» **Exercise requirements**: Could you retype the whole listing word for word and drop the images?

» **Given information**:
____________________

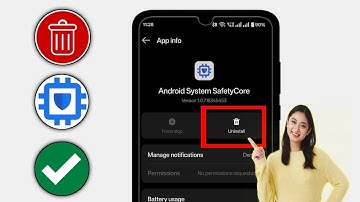 Uninstall Android System Safety Core - 2025 | How To Disable Android System Safety Core Apps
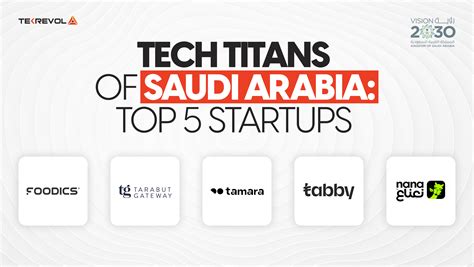 Tech Titans Of Saudi Arabia Unveiling The Success Stories Of The 5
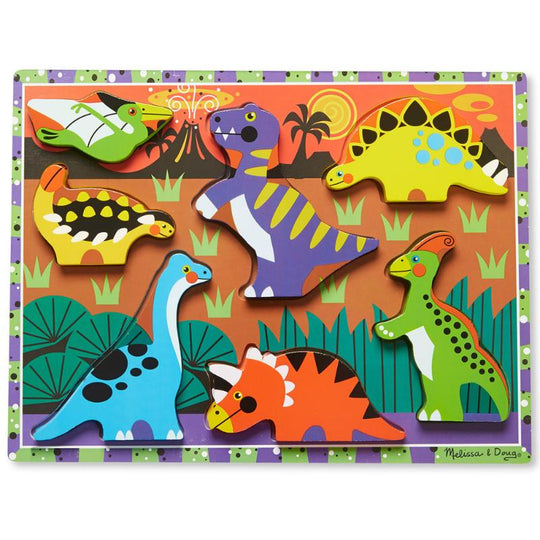 Dinosaurs Chunky Puzzle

____________________

» **Exercise result**:
 Uninstall Android System Safety Core - 2025 | How To Disable Android System Safety Core Apps
 Tech Titans Of Saudi Arabia Unveiling The Success Stories Of The 5
 Dinosaurs Chunky Puzzle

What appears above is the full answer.